地元企業からの献金に、海外法人からの献金、息子さんの企業への補助金、ご親戚の団体への補助金、政治資金パーティー……臓器の入手――えぇっ? 先週の腕時計の購入まである!」
「ふざけおって! こんなもの無視じゃ無視! わしは忙しいんじゃ!」
「ま、待ってください! 議員! これは! 本当に公開されると危ないどころじゃありません! まずい! 本当にまずいです!」
秘書の覚えのある不正から、覚えのないころの不正まで。
並んでいるのは、どれも政治家として致命的なものばかりだった。
【アークオラクル:改善の意思を確認できませんでした。証拠公開プロトコルを起動します】
秘書の顔から血の気が引く。
よくない。
何かよくないことが起こる。
「ビビり過ぎなんじゃ! たかがネットに、そんなことができるわけなかろうが!」
「うるせぇ! スマホ一つ触れねぇジジイは黙ってろ!」
「なっ……!」
余りの怒りに言葉が出なくなる議員。
だが秘書は、もう議員の機嫌を取る余裕などない。
何故なら、本当に公開されたとしたら、この議員は沈む舟。
自分が生き残るためには、間違いない方法で脱出しなければならない。
顔を真っ赤にして、唾を飛ばしながら怒鳴り始めた梅戸を無視して思考を巡らせる。
ものの5分もしない内に、秘書のスマホが鳴る。
発信者は懇意にしている記者の一人。
胸騒ぎを覚えながら通話を始めるが、飽きることなく怒鳴り続けている梅戸が煩い。
だが、通話先の記者も怒鳴り声のような大声で話していたため、内容は聞き取れた。
――記者の勤める本社サーバーに、梅戸の当選前からの不正情報が証拠付きでアップロードされている。

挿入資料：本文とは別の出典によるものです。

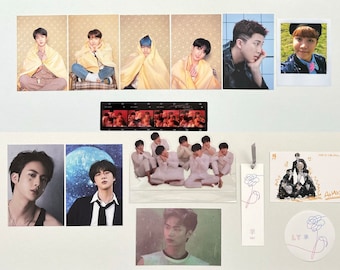 May include: A collection of BTS merchandise, including photo cards, a film strip, a bookmark, and a sticker. The photo cards feature individual members and group shots. The items are arranged on a white surface.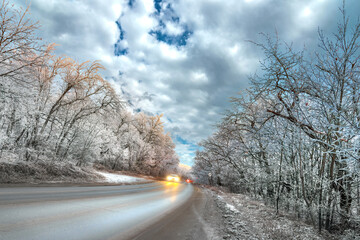 asphalt road winter panorama in countryside travel on cold snowy day. safety drive winter wet road...
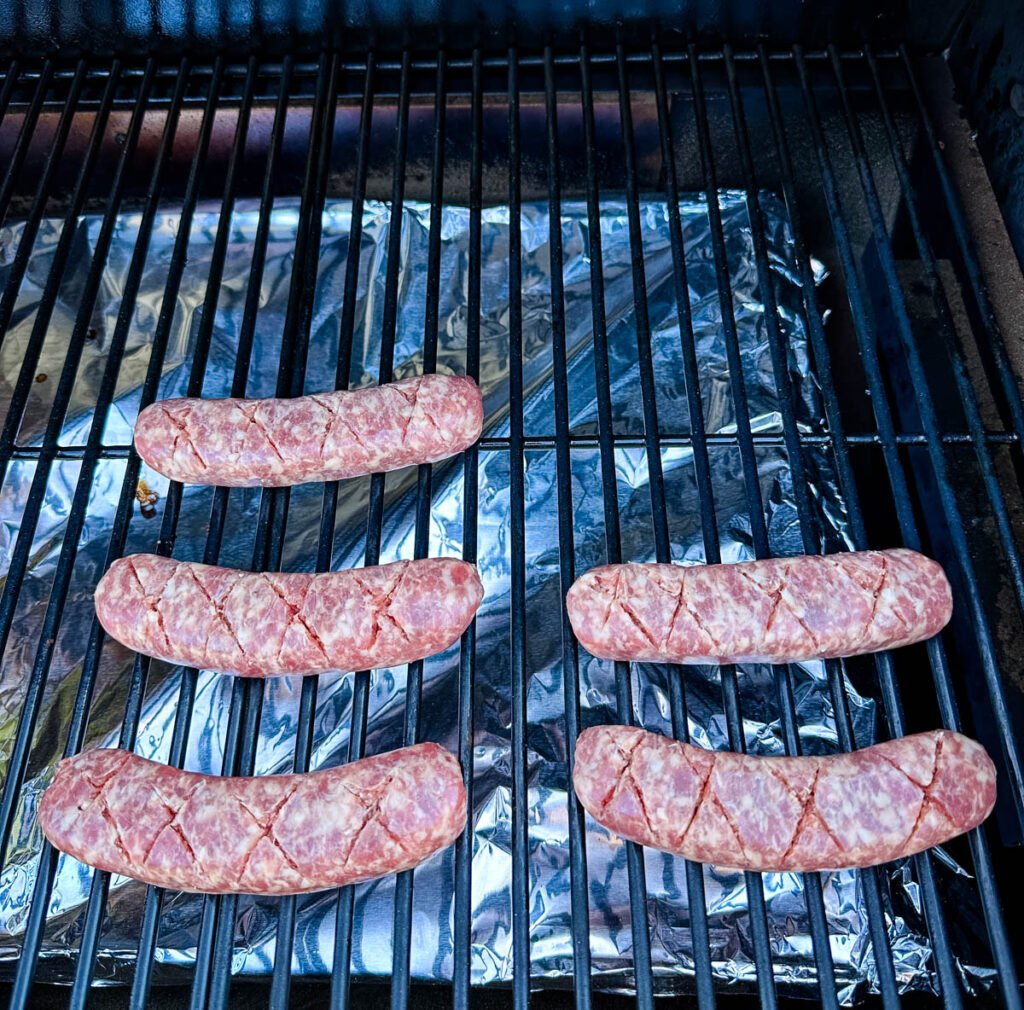 uncooked brat on Traeger smoker grill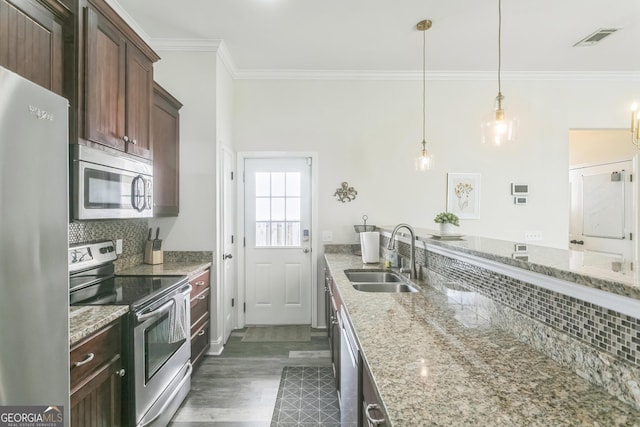 309 E 41st St, Savannah, GA 31401 - kitchen with appliances with stainless steel finishes, ornamental molding, decorative backsplash, light stone counters, and pendant lighting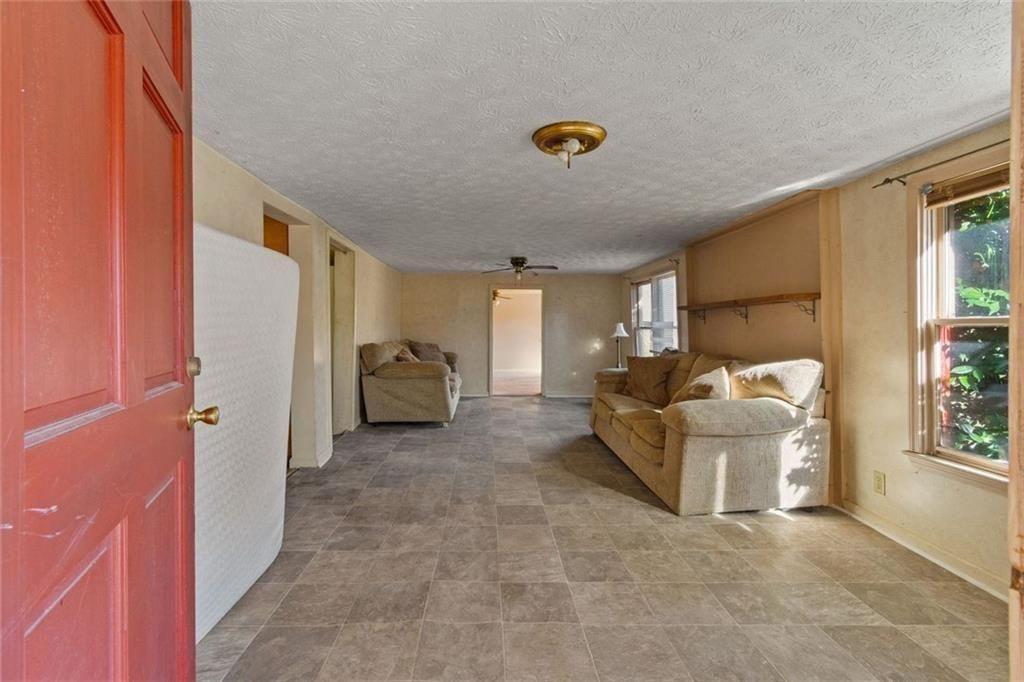 7315 Freeman Road Dawsonville, GA 30534 - Photo 15 of 28 a living room with furniture and a window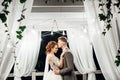 Groom kisses bride`s cheek tender hugging her in the garden Royalty Free Stock Photo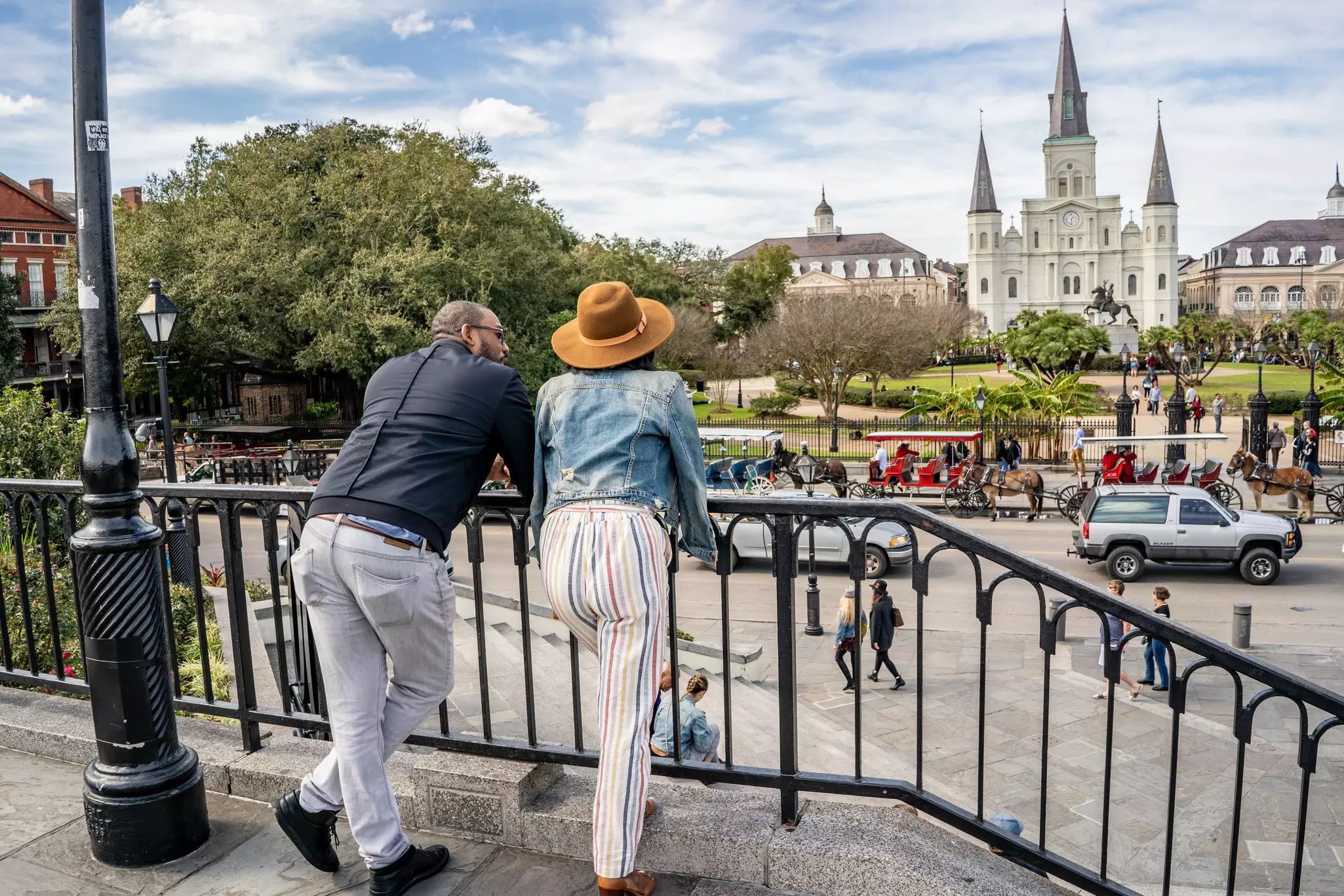 Two people are seen from behind leaning on a wrought-iron fence and looking out a city square with people and vehicles. A church is visible at the far end of the square.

――一般人が使うようなサイトにも同じ情報が確認できる。
――正しく報道しない場合、『金で黙った記者』として名前を公開するという通知が来た。
「……そんな……」
秘書はスマホを切る事しかできなかった。
その10分後には、各テレビ局が速報を流し始める。
『速報:梅戸九史郎議員、海外法人からの不正献金疑惑。内部文書・音声データがネット上に拡散』
永田町の空気が、静かに、しかし確実に変わり始めていた。